I wasn't expecting her, but she was an unexpected guest in my week. I asked her about boards and rotation. I let her know my concerns and in return, she told me about her board studying journey, and how she set into gears about doing question. The idea of boards is a looming questions and it scares me just thinking about it. We had about a 30 minute chat. She was studying for her didactic week. And at the end of the conversation, she left me with 3 things:

1. Start Doing question now. Start doing them early. Burn through them. + 2 round of UWorld
2. Get through all the resource you wanted to use at least once BEFORE January.
3. Don't worry about rotation. Everything always seem to all into place.

And with that, she walked out of my life, or at least, she walked out of my week. And honestly, it was a very reassuring thought to know that despite all the things I'm going through, things will work itself out, and I'll be okay.
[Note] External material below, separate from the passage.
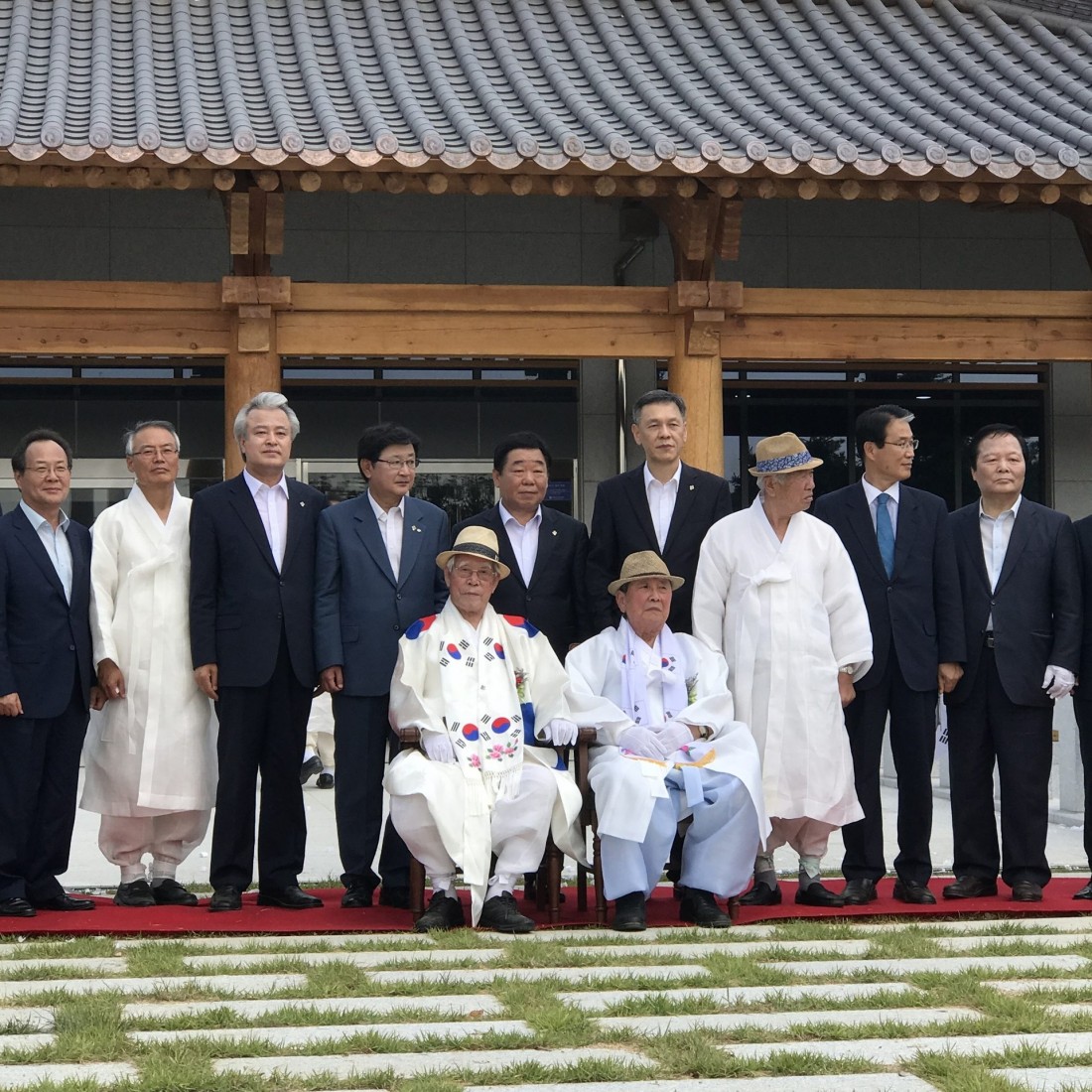첨부 이미지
"It was so risky and so scary, and yet at the same time, so beautiful. Maybe the truth was, it shouldn’t be easy to be amazing. Then everything would be. It’s the things you fight for and struggle with before earning that have the greatest worth. When something’s difficult to come by, you’ll do that much more make sure it’s even harder, if not impossible, to lose.
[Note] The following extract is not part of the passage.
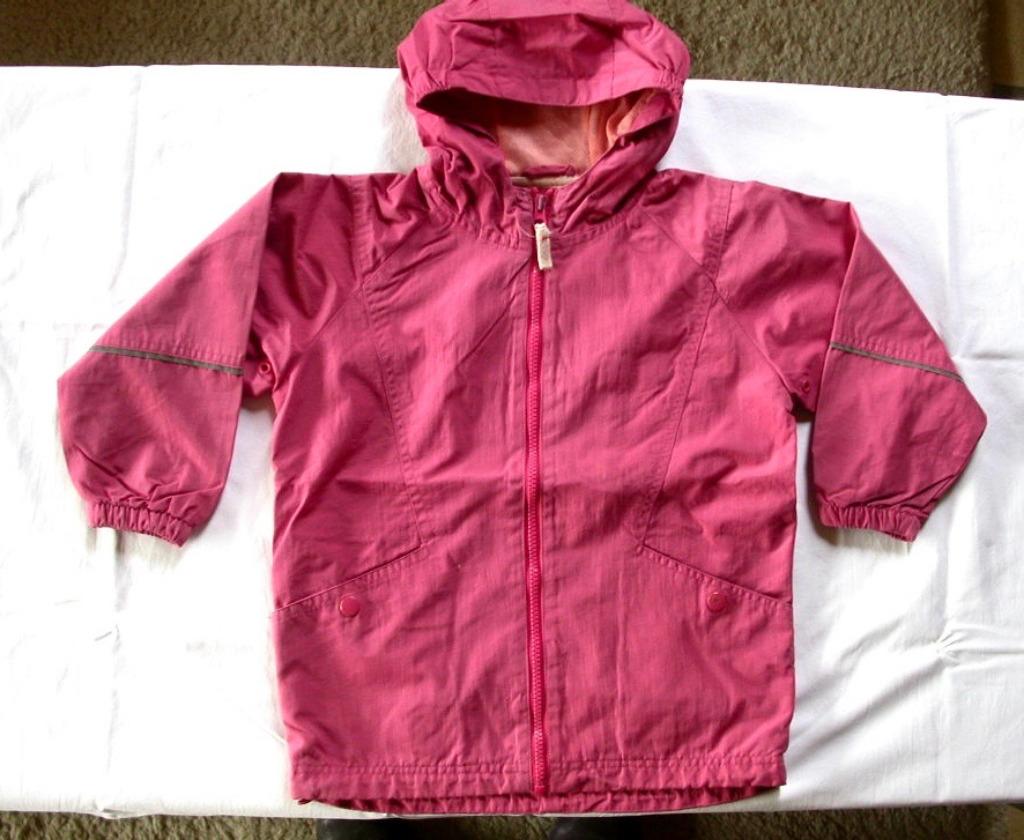 Anorak léger imperméable bois-de-rose T 6 ans, Enfants & Bébés, Enlèvement ou Envoi, Comme neuf, Fille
Flashing forward, as I am now in week 5 of my 2nd year. I can't believe it has already been a month since I have been in school. I am around my friends again, and I have found new study methods that works for me. I'm happy that I have discovered it. I have a falling in and a falling out process with the girl I like.  My opinion of her change hourly and there is so many things I am so frustrated with her. Her existence give me a hard time. And I don't know why I deserved to carry so much feeling and emotion for someone who could careless about me. I feel like I am wasting my time just being in her life. Can we please skip this part right here? I don't know what I need to learn before I can overcome this obstacles, and its not that my life have not been difficult enough.

With all these thoughts and negative emotions that consumed me, I feel more and more hatred toward to that girl. Its not even normal. I feel like this is the universe doing because really, I don't think I voluntarily walk into this tragedy.

With so much angrish and distrubed emotions, I am sitting here wonder why. Why do I have to go through this? And I don't know why.. and I don't think I will ever know, and honestly, it doesn't matter why. This girl is here, and this emotion is here and they both sit here with me.

Remembering back to the kind words that the 3rd years have given me, I realized one very important thing.  "Everything always seem to fall into place". And maybe right now, I don't like the situation. I am not doom to my fate. I have trust. I have faith that I will see through this, and be a better and smarter student out of this. I do not wish to engaged into any conflict with anyone. I pray for a time to study and to perform. I pray for support, for love, for kindness. And most importantly of all, I pray for guidance.

And I know, seeing what life have given my parents and me, I know, Everything will fall into place.